Your first reaction is performance hit, just like me, until you see the last difference. You want to give it a try! I don’t use Merge Join very often in my ETL work, because I am too much a STAGING person. But there are a few places where I would rather use Merge Join in SSIS, than staging any of those ugly/huge tables in DB2. They are ugly, because they are very difficult to use, and they are huge with 10-20 million records. I got frustrated with all the wrong where clauses that gave me the wrong/missing data. My life as a BI developer will be so much easier, only if I can:
- get all the data from the ugly/huge table in DB2 (with only the where clause I know for sure, so that no data will be missing)
- join to my nice/small table on SQL server
This is when I decided that I wanted to be friend with the Merge Join!
Data sets must be sorted when using Merge Join in SSIS
Once the decision is made, using and configuring the Merge Join is actually very straightforward, but only if you know this:
My data sets from DB2 and SQL Server must be sorted on the common key(s) first
Two ways to meet the sorting requirement
There are actually two ways to meet the sorting requirement:
- You can ask SSIS to sort the data set for you by using the Sort Transformation task, or,
- you can tell SSIS that your data sets are already sorted by setting the IsSorted property of the OLE DB Source Output to true (must use the advanced Editor)
Finally, I’ll show you some basic steps to make it work.
Steps when using Merge Join in SSIS
Below is the final screen shot.

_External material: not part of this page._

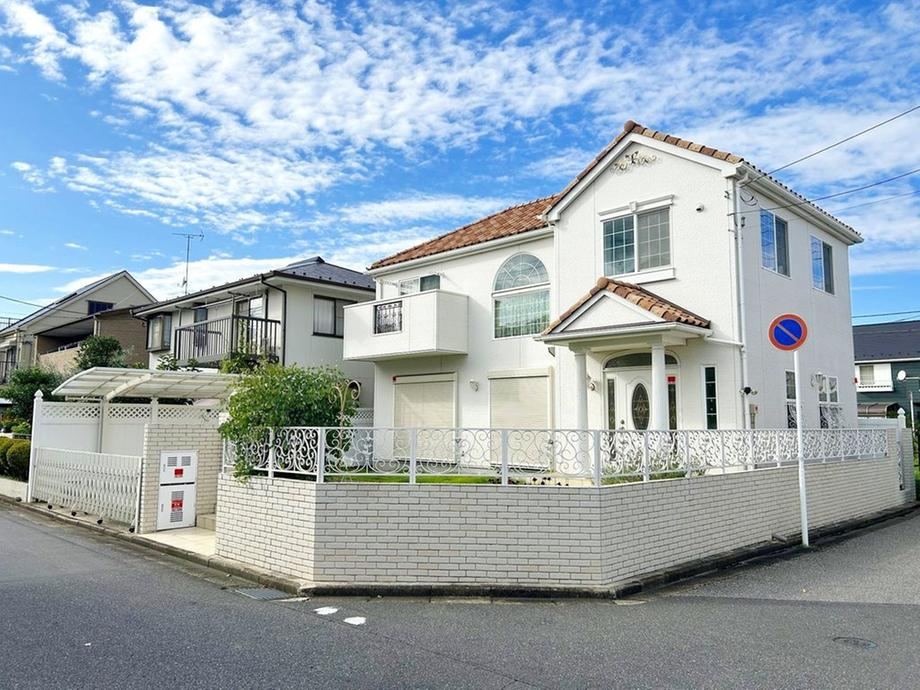 2LDK house in Abiko, Chiba - Photo 1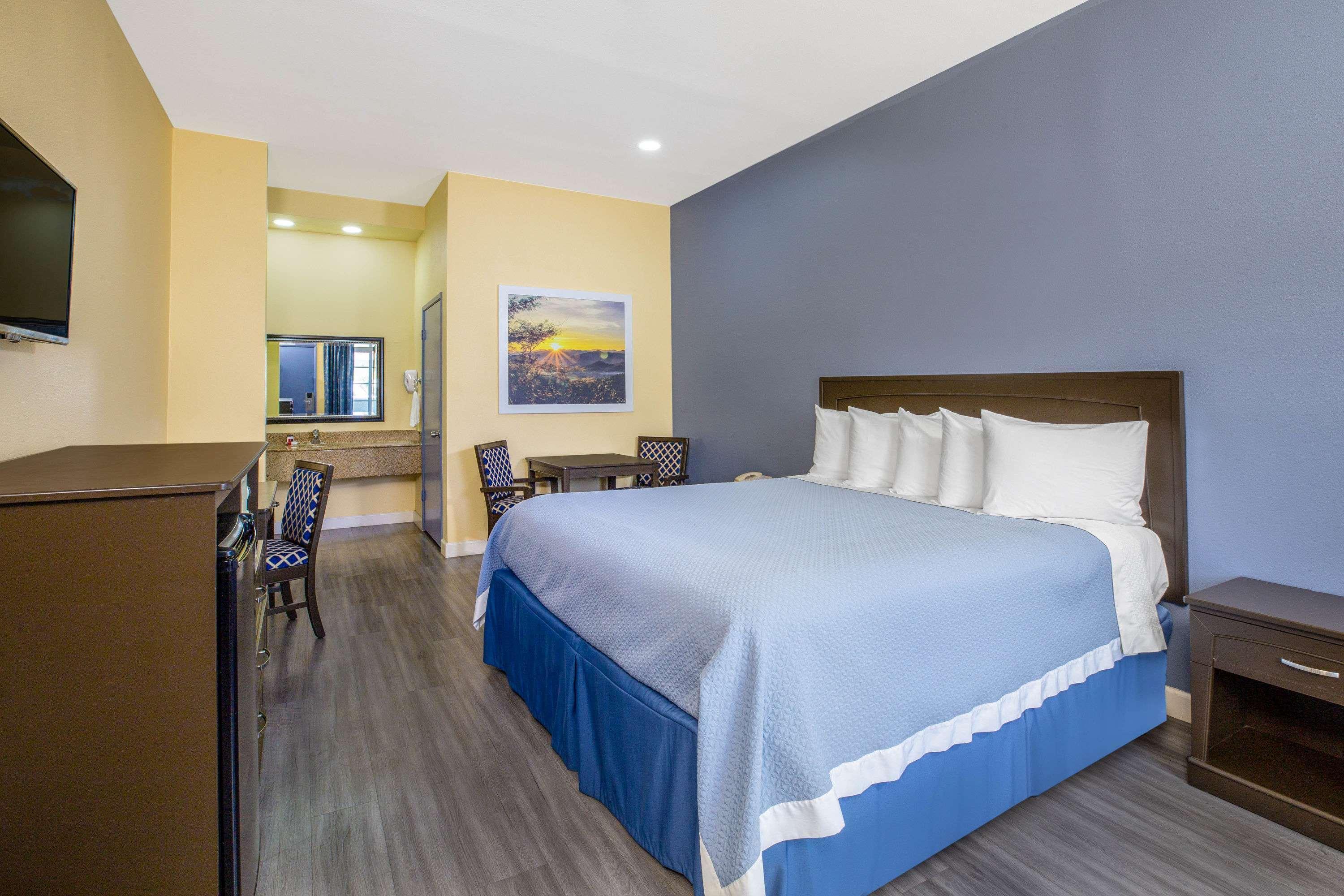 Days Inn By Wyndham Banning Casino/Outlet Mall מראה חיצוני תמונה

On the left, in the OLE DB Source, I have a query that creates a data set from DB2; on the right, in the OLE DB Source, I have a query that creates a data set from SQL Server.
The left data set can be a huge data set, which can have about 10 million records. The right data set is a very nice and small data set that has only about 5K records.
Step 1: Create your input data sets.
I assume that you know how to write queries for OLE DB Source to create data sets.
Step 2: Optionally, set IsSorted = True for your OLE DB Source Output
If you query has done the sorting, you can set the IsSorted property to true on the Advanced Editor.
On the Advanced Editor, go to the last tab, Input and Output Properties.
My example showed False. You can certainly set it to True if you have done the sorting in your query.
Step 3: Optionally, ask SSIS to sort the data sets
In my example, I asked SSIS to sort the data set on one column.
Remember, both of the data sets must be sorted on the same key(s).
Step 4: Configure the Merge Join
Here is the good news: there is no Advanced Editor for this Merge Join transformation task.
1) Join Type: pick from these three options. I picked Inner Join.
2) Pick Join Key from the two data sets. SSIS has picked the right key for me, because those are the key I’ve sorted the data set on.
3) Pick the output fields from the two data sets.
You should be done by now…but hang on…
Step 5: Two more things about Merge Join
If you look at the Merge Join properties, you will notice two more properties that might need your attention.
MaxBuffersPerInput – if your data sets are huge and the sorting is somehow incorrect, you will need to experiment with this number.
TreatNullsAsEqual –this property decides whether to join Null values or not. By default it does. In my example, there should be no NULL value. So I didn’t bother with this.
One last note, the result from the Merge Join is also sorted! This is a good news. If you need to use the Merge Join output in other transformations, there is no more sorting needed.